FMCG Micro-Influencer Marketing Tactics to Grow Your Business

On the surface, fast-moving consumer goods (FMCG) may not appear an obvious choice for influencer marketing. Most manufacturers and retailers of products like milk, bread, fast foods, and personal care products seem to spend a fortune on television advertising and other forms of traditional media. Yet, FMCG is one of the fastest growing market segments using influencer marketing, with an increase in partnerships with micro-influencers in particular. The sector increased its influencer marketing spending by more than 62% in 2021, according to Zefmo. This post will look at some FMCG micro-influencer marketing tactics your brand can use, particularly if you want to reach some niche audiences.

fmcg micro influencer marketing tactics stats

FMCG Micro-Influencer Marketing Tactics:

What's Special About FMCG and Micro-Influencers?

Fast-moving consumer goods, aka consumer packaged goods, are those everyday products that sell regularly and are generally relatively affordable. Many are perishable and have a short shelf life. You might think these are not particularly suitable for influencer marketing, which most people consider best for sectors like fashion, beauty, and homeware. Yet many brands now recognize that influencer marketing can do much for them, even for everyday FMCG items.

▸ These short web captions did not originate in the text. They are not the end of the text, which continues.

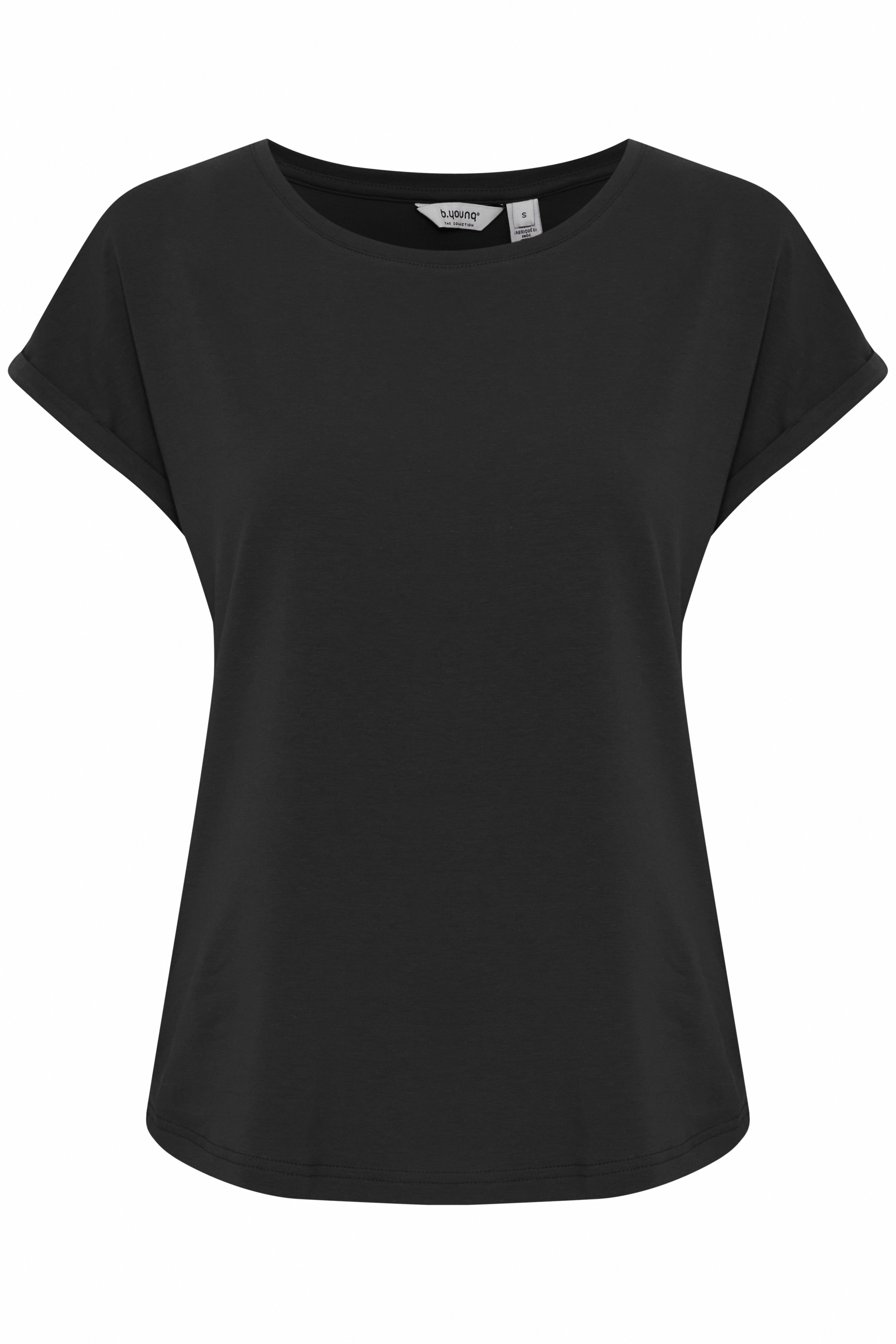 PAMILA TSHIRT Black - 4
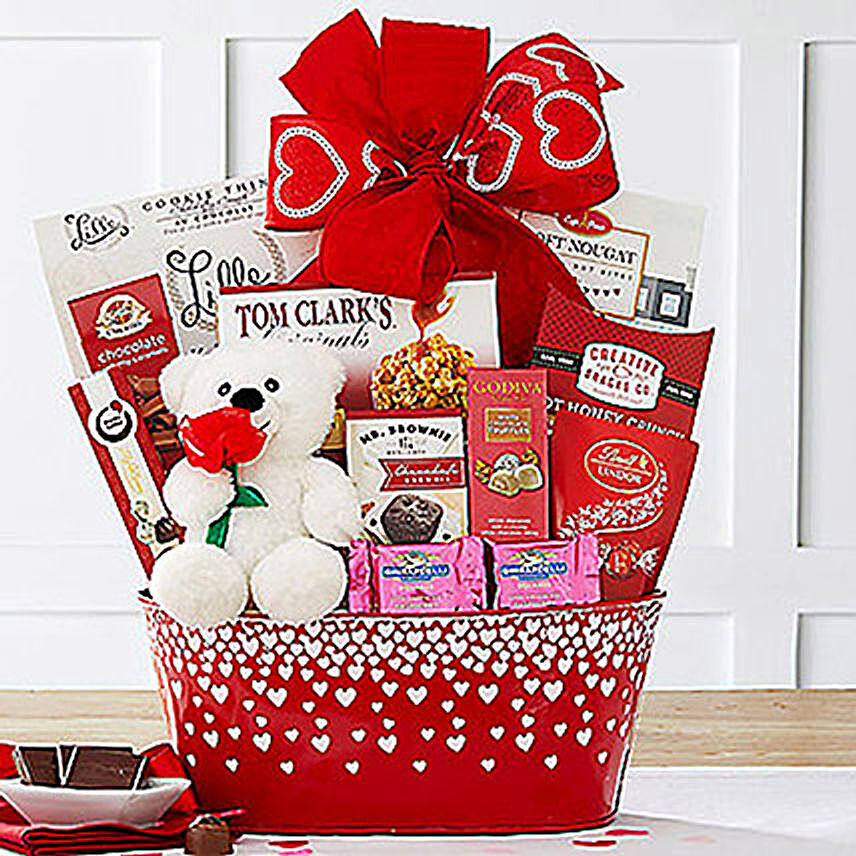 Thinking of You Sweets Gift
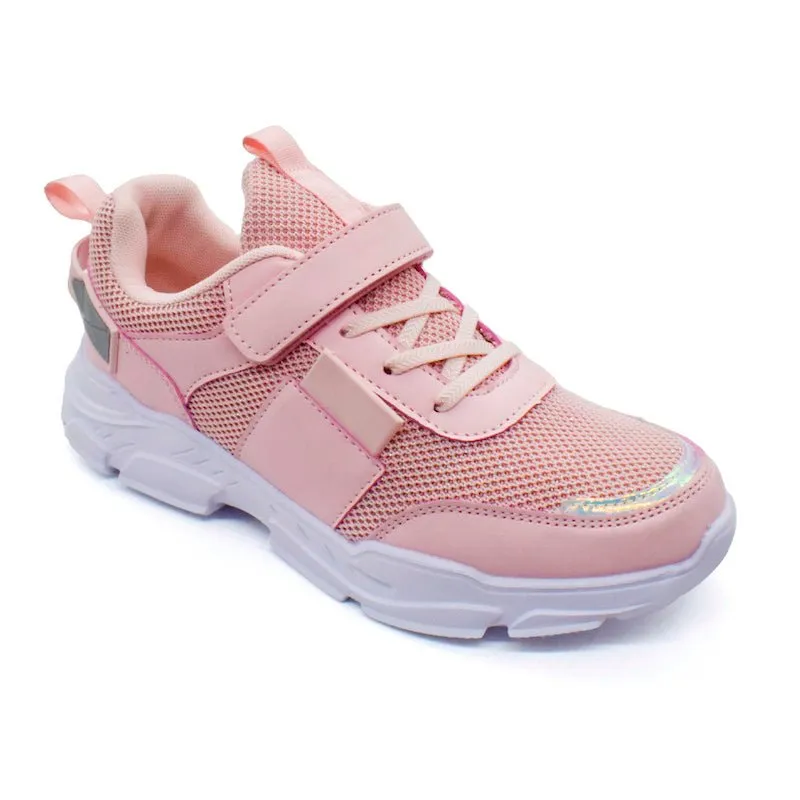 Buggies Retro Kids Shoes - Pink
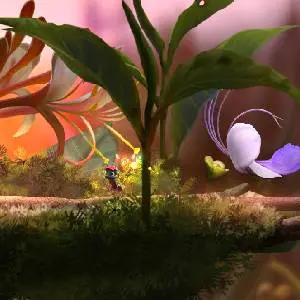 Mari and Bayu - The Road Home - Plante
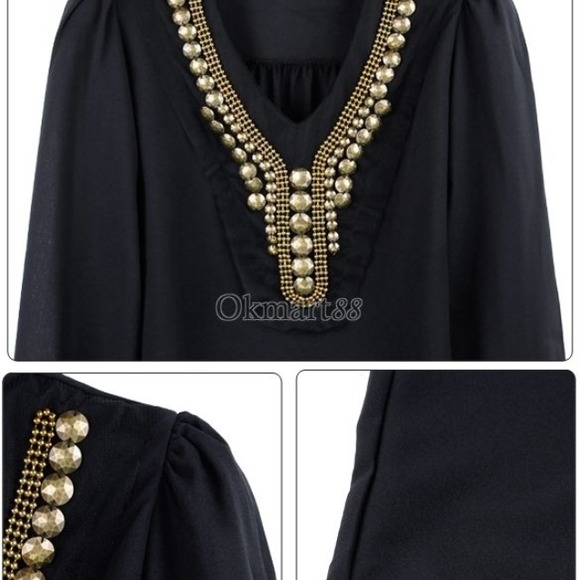 Brand new top!!! - Picture 2 of 4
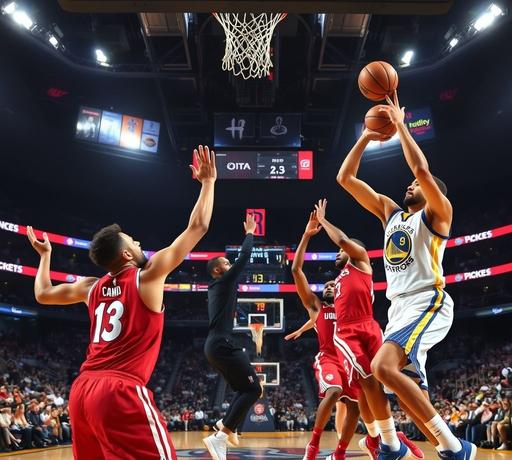 勇士主場失守，季後賽首輪進入搶七生死戰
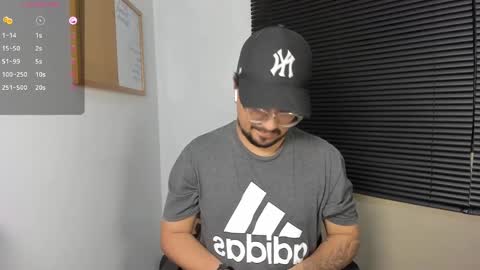 David Evans online show from 12.10.24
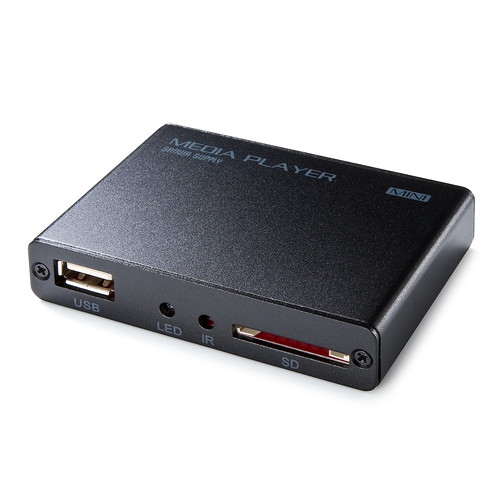 フルHD対応 / HDMI・RCA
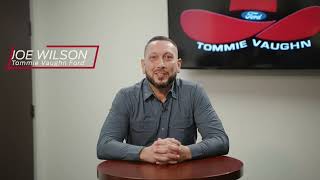 Tommie Vaughn Ford - Joe Wilson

According to Kroll's Face Value Report, more than one in 10 marketers at FMCG companies gained  $1.1-$5 million from their most successful influencer campaign. Additionally, Kroll found that FMCG companies predominately work with micro-influencers (41%) and mid-tier influencers (34%).

We have regularly written about the benefits of working with micro-influencers. As we noted in 5 Reasons Your Brand Should be Working With Micro-Influencers, these influencers have enough experience to create high-quality, professional content. Yet, they're still in a stage of growth that allows for maintaining a tight-knit and highly engaged community. They tend to have loyal audiences, giving them great engagement rates. Many micro-influencers are hyper-local, meaning they can communicate well with a specific target audience that may otherwise be difficult for an FMCG brand to reach. Micro-influencers allow you to reach very specific niche audiences. For example, if you release a new vegan food line, you will find micro-influencers with audiences sympathetic to and most likely to benefit from buying your product.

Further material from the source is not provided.